Transforming a set of ungrouped data (1 dependent, 1 independent) would take more then "a line" to include all the information!?

In the following example a (unrealistic!) simple data set is created and a logistic regression model is build.

How would grouped data actually look like (variable tab?)? How could the same model be build using grouped data?

> dat = data.frame(y=c(0,1,0,1,0), x=c(1,1,0,0,0))
> dat
  y x
1 0 1
2 1 1
3 0 0
4 1 0
5 0 0
> tab=table(dat)
> tab
y   0 1
  0 2 1
  1 1 1
> mod1=glm(y~x, data=dat, family=binomial())

Table 3.1 is reproduced below:

enter image description here

Agresti considered the following numerical scores for snoring level: {0,2,4,5}.

There are two ways to fit a GLM with R: either your outcome is provided as a vector of 0/1 or a factor with two levels, with the predictors on the rhs of your formula; or you can give a matrix with two columns of counts for success/failure as the lhs of the formula.

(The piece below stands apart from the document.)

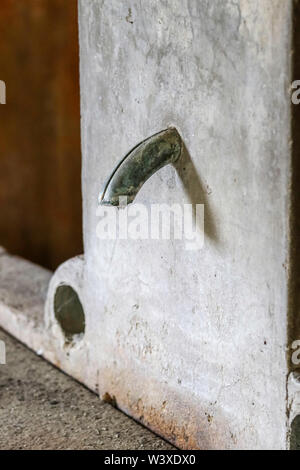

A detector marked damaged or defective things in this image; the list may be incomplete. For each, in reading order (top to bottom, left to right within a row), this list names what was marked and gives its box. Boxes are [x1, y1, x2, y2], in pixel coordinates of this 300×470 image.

rusty brown wall [0, 0, 82, 270] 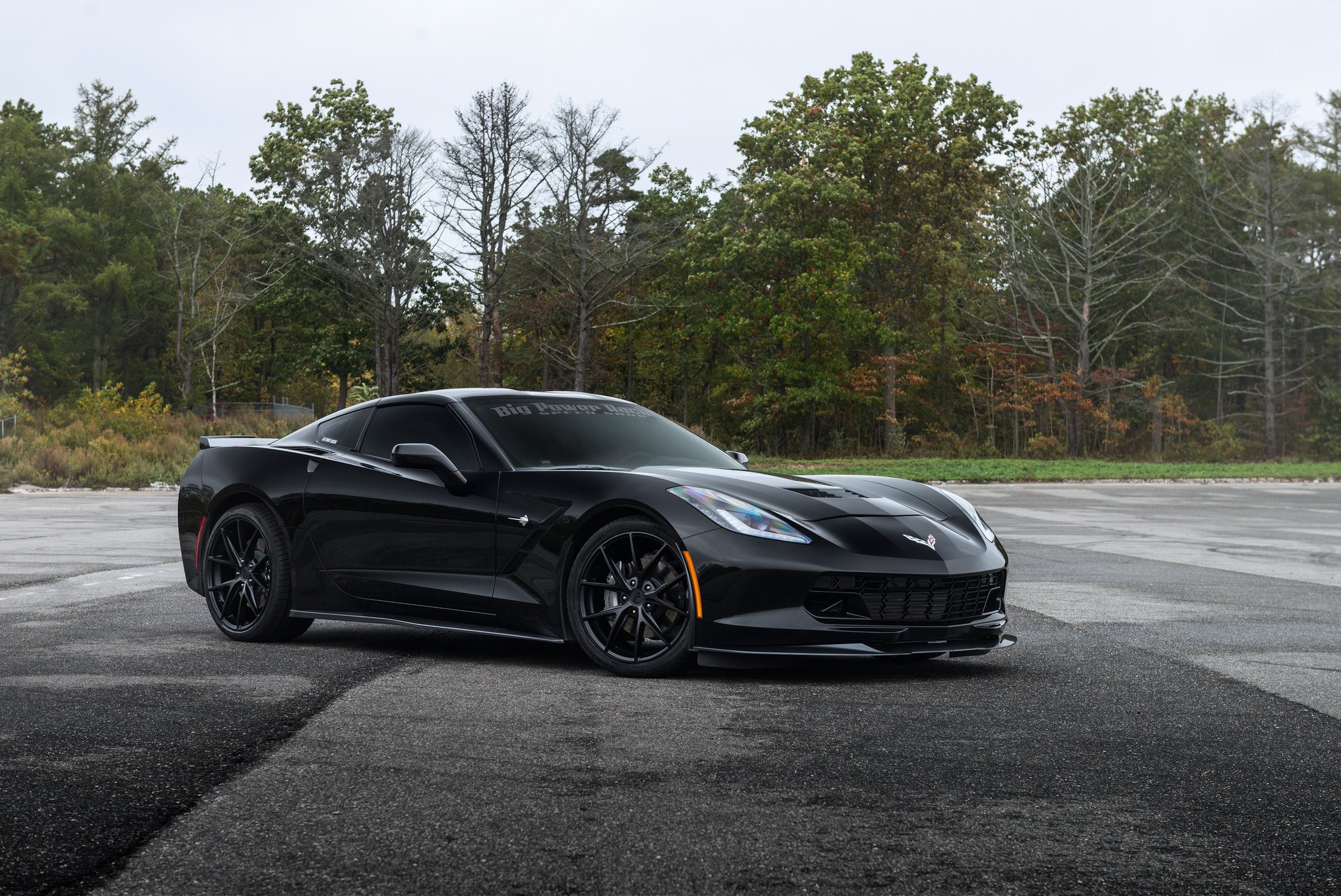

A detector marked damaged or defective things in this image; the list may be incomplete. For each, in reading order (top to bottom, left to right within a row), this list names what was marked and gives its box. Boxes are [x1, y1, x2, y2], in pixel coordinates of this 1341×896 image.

cracked asphalt [3, 485, 1341, 890]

The latter corresponds to what Agresti call 'grouped' data. A third method, which also applies to grouped settings, would be to use the weights= argument to indicate how many positive and negative outcomes were observed for each category of the classification table.

Data in matrix view would read:

snoring <- matrix(c(24,35,21,30,1355,603,192,224), nc=2)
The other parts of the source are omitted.